Optimal algorithm for this string decompression

I have been working on an exercise from google's dev tech guide. It is called Compression and Decompression you can check the following link to get the description of the problem Challenge Description.
Here is my code for the solution:
public static String decompressV2 (String string, int start, int times) {
String result = "";
for (int i = 0; i < times; i++) {
inner:
{
for (int j = start; j < string.length(); j++) {
if (isNumeric(string.substring(j, j + 1))) {
String num = string.substring(j, j + 1);
int times2 = Integer.parseInt(num);
String temp = decompressV2(string, j + 2, times2);
result = result + temp;
int next_j = find_next(string, j + 2);
j = next_j;
continue;
}
if (string.substring(j, j + 1).equals("]")) { // Si es un bracket cerrado
break inner;
}
result = result + string.substring(j,j+1);
}
}
}
return result;
}
public static int find_next(String string, int start) {
int count = 0;
for (int i = start; i < string.length(); i++) {
if (string.substring(i, i+1).equals("[")) {
count= count + 1;
}
if (string.substring(i, i +1).equals("]") && count> 0) {
count = count- 1;
continue;
}
if (string.substring(i, i +1).equals("]") && count== 0) {
return i;
}
}
return -111111;
}
I will explain a little bit about the inner workings of my approach. It is a basic solution involves use of simple recursion and loops.
So, let's start from the beggining with a simple decompression:
DevTech.decompressV2("2[3[a]b]", 0, 1);
As you can see, the 0 indicates that it has to iterate over the string at index 0, and the 1 indicates that the string has to be evaluated only once: 1[ 2[3[a]b] ]
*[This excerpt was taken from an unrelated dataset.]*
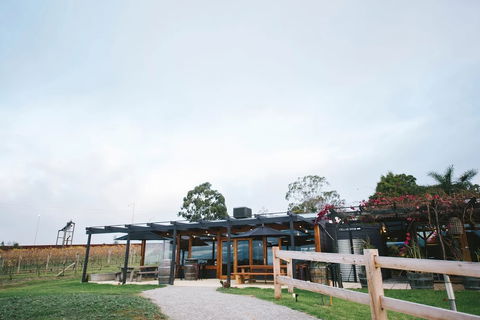 Saint Regis Winery, Food & Wine Bar - Accommodation Bookings 3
The core here is that everytime you encounter a number you call the algorithm again(recursively) and continue where the string insides its brackets ends, that's the find_next function for.
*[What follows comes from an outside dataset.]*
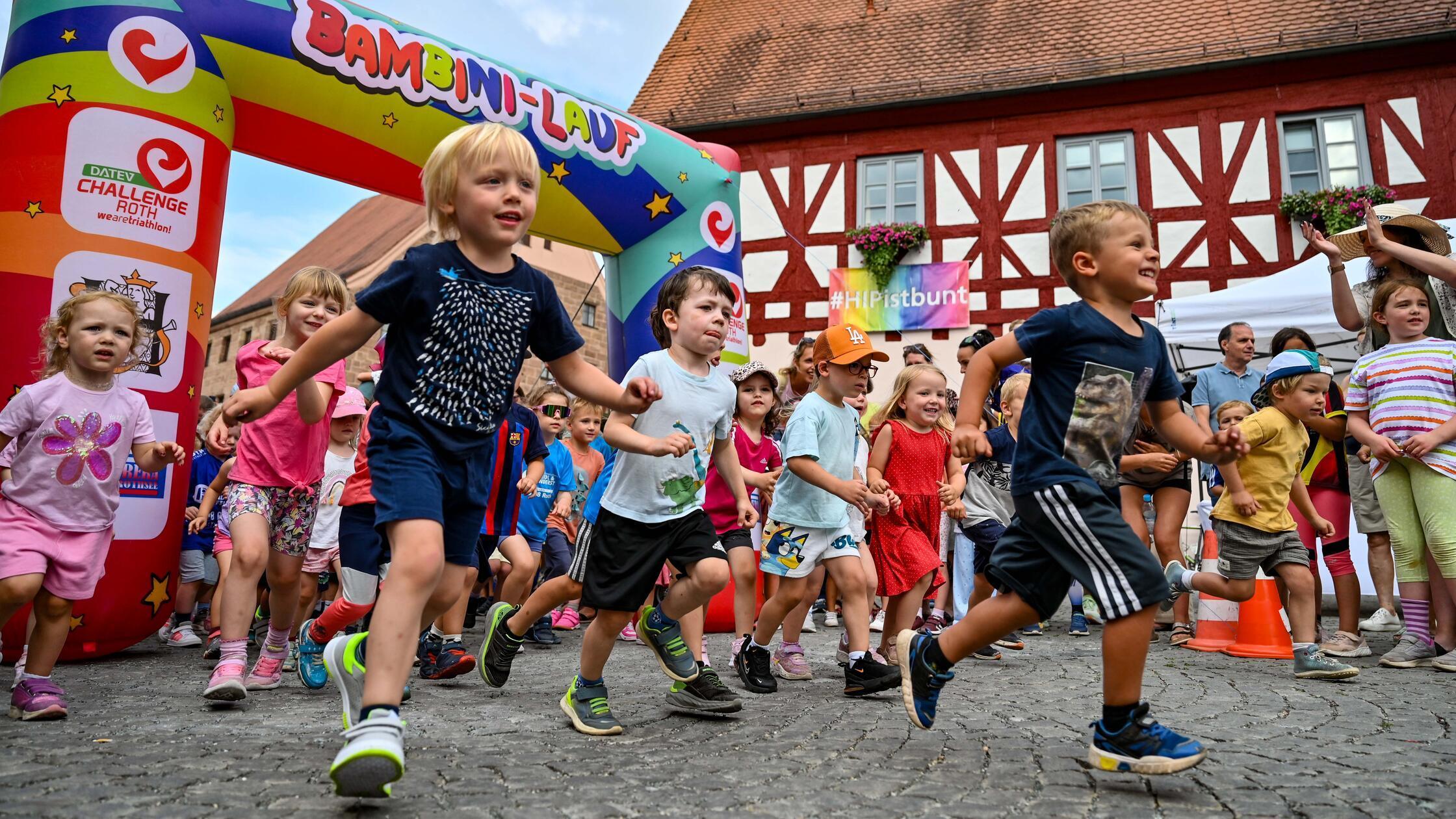 Kindlicher Challenge-Auftakt: Jede Menge Mädchen u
When it finds a close brackets, the inner loop breaks, that's the way I choose to make the stop sign.
I think that would be the main idea behind the algorithm, if you read the code closely you'll get the full picture.
So here are some of my concerns about the way I've written the solution:
I could not find a more clean solution to tell the algorithm were to go next if it finds a number. So I kind of hardcoded it with the find_next function. Is there a way to do this more clean inside the decompress func ?
About performance, It wastes a lot of time by doing the same thing again, when you have a number bigger than 1 at the begging of a bracket.
I am relatively to programming so maybe this code also needs an improvement not in the idea, but in the ways It's written. So would be very grateful to get some suggestions.
This is the approach I figure out but I am sure there are a couple more, I could not think of anyone but It would be great if you could tell your ideas.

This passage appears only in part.